MD-PhD in Health Economics Admissions – Testing

This is a continuation of my series on joint degrees in medicine and social sciences, in response to frequently asked questions I receive from undergraduates.

The short version: Take the MCAT and the GRE. Do well on the MCAT and GRE quantitative section.

The longer version: Like with coursework, there are no efficiencies or shortcuts here. You have to separately prepare for MD and PhD admissions and earn test score competitive for both.

MD admissions require the MCAT. Officially, many programs do not have score cutoffs. Unofficially, they expect top tier MCAT scores. You can find evidence of this in the extremely high average scores of matriculating students. Consult elsewhere on the internet for more specifics on what constitutes a “good” MCAT score (there are any number of resources discussing this topic).

Do not expect any leniency in evaluating your MCAT score because you are a dual degree applicant. A high GRE score will not in any way make up for a low MCAT score. Your MCAT score needs to be competitive for traditional MD-PhD admissions (a higher bar than MD only applications).

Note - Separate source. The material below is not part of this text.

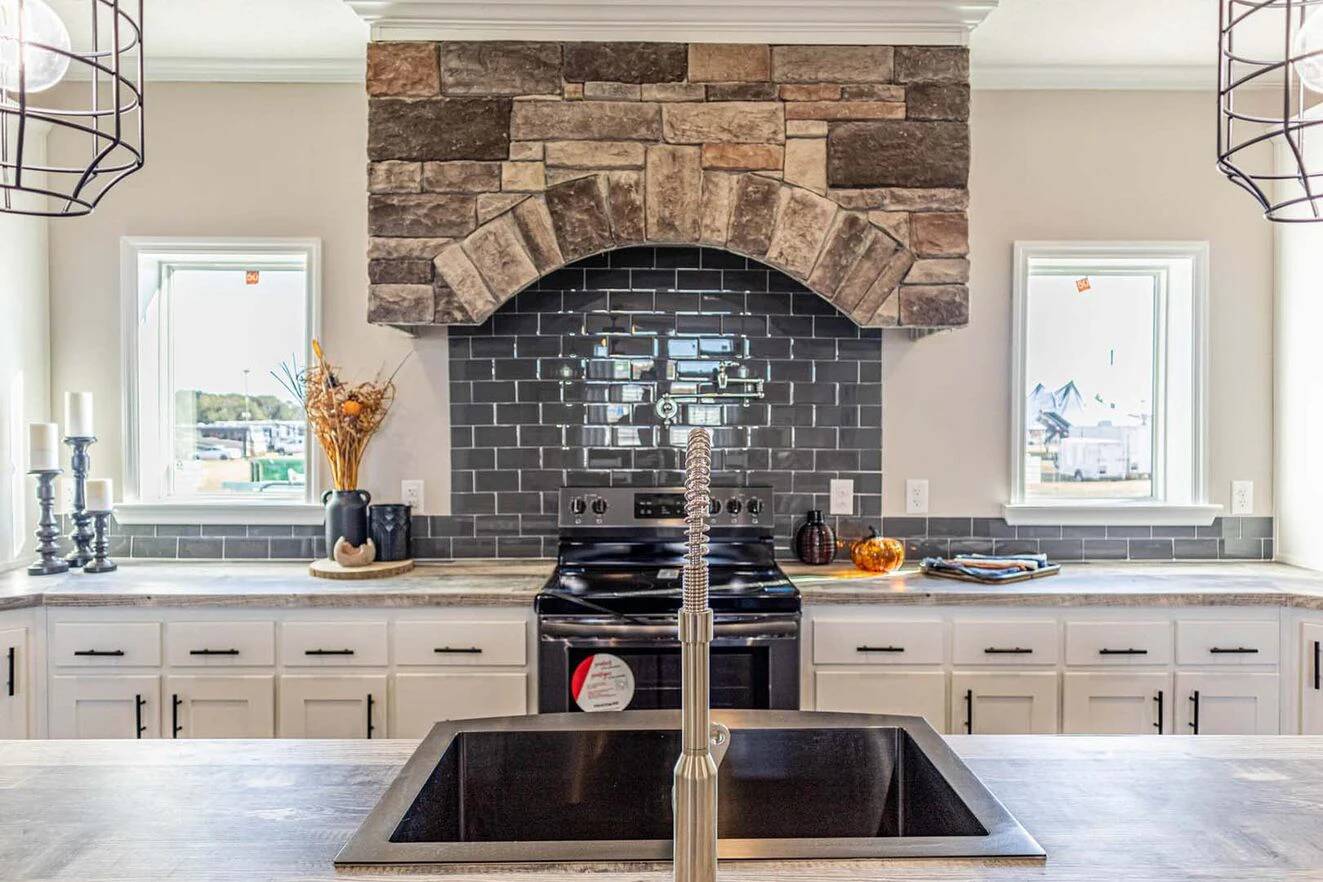 Modern kitchen with a central black sink, stainless steel faucet, black stove, gray subway tile backsplash, stone range hood, and two windows on either side.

PhD admissions often requires the GRE. MD-PhDs in non-traditional disciplines often have to apply separately to the PhD program. Applicants apply though the standard PhD applicant portal and are evaluated by the PhD admissions committee.

Some programs will consider health services applicants through their standard MD-PhD pipeline. At these schools, you would apply to MD-PhD program through AMCAS with your MCAT score and be done with it. GRE scores are not necessary. These programs tend to be oriented towards health services/public health research and very closely affiliated with schools of medicine.

However, having (good) GRE scores will open more doors.  Many programs (including the UChicago MeSH program) require a separate application to the PhD program(s) of interest. PhD programs generally require a separate application is they are not explicity health focused (e.g. PhD programs in economics, public policy, history, anthropology, etc.) around the country.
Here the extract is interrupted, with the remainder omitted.